Material provided =
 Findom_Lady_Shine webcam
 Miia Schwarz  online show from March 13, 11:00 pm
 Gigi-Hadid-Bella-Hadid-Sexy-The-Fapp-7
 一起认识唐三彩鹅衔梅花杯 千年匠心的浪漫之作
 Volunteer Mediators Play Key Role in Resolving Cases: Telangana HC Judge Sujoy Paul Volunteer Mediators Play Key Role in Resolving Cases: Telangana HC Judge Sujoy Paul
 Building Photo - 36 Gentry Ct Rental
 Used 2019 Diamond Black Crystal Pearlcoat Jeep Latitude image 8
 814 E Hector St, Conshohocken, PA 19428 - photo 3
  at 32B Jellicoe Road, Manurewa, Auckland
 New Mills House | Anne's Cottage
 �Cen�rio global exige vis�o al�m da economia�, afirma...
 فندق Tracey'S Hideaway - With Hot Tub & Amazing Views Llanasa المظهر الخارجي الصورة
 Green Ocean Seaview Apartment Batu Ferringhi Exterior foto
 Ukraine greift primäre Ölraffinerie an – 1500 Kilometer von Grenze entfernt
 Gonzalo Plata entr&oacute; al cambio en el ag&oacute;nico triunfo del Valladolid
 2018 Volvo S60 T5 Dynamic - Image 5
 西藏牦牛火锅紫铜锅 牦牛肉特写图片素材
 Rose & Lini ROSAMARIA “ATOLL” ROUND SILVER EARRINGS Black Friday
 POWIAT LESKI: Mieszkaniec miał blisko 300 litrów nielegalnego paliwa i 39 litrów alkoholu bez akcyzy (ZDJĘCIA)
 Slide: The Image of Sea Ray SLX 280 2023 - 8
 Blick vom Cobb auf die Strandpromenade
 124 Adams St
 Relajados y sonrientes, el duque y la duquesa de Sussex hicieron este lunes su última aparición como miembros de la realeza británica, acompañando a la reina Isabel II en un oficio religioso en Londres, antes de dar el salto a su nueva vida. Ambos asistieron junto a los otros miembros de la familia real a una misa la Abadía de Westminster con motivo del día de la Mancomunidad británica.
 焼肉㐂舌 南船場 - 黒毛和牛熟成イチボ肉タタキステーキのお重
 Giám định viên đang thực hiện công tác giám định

Problem to work on = Reproduce every record that appears above, keeping the wording exact.

Finished task =
 Findom_Lady_Shine webcam
 Miia Schwarz  online show from March 13, 11:00 pm
 Gigi-Hadid-Bella-Hadid-Sexy-The-Fapp-7
 一起认识唐三彩鹅衔梅花杯 千年匠心的浪漫之作
 Volunteer Mediators Play Key Role in Resolving Cases: Telangana HC Judge Sujoy Paul Volunteer Mediators Play Key Role in Resolving Cases: Telangana HC Judge Sujoy Paul
 Building Photo - 36 Gentry Ct Rental
 Used 2019 Diamond Black Crystal Pearlcoat Jeep Latitude image 8
 814 E Hector St, Conshohocken, PA 19428 - photo 3
  at 32B Jellicoe Road, Manurewa, Auckland
 New Mills House | Anne's Cottage
 �Cen�rio global exige vis�o al�m da economia�, afirma...
 فندق Tracey'S Hideaway - With Hot Tub & Amazing Views Llanasa المظهر الخارجي الصورة
 Green Ocean Seaview Apartment Batu Ferringhi Exterior foto
 Ukraine greift primäre Ölraffinerie an – 1500 Kilometer von Grenze entfernt
 Gonzalo Plata entr&oacute; al cambio en el ag&oacute;nico triunfo del Valladolid
 2018 Volvo S60 T5 Dynamic - Image 5
 西藏牦牛火锅紫铜锅 牦牛肉特写图片素材
 Rose & Lini ROSAMARIA “ATOLL” ROUND SILVER EARRINGS Black Friday
 POWIAT LESKI: Mieszkaniec miał blisko 300 litrów nielegalnego paliwa i 39 litrów alkoholu bez akcyzy (ZDJĘCIA)
 Slide: The Image of Sea Ray SLX 280 2023 - 8
 Blick vom Cobb auf die Strandpromenade
 124 Adams St
 Relajados y sonrientes, el duque y la duquesa de Sussex hicieron este lunes su última aparición como miembros de la realeza británica, acompañando a la reina Isabel II en un oficio religioso en Londres, antes de dar el salto a su nueva vida. Ambos asistieron junto a los otros miembros de la familia real a una misa la Abadía de Westminster con motivo del día de la Mancomunidad británica.
 焼肉㐂舌 南船場 - 黒毛和牛熟成イチボ肉タタキステーキのお重
 Giám định viên đang thực hiện công tác giám định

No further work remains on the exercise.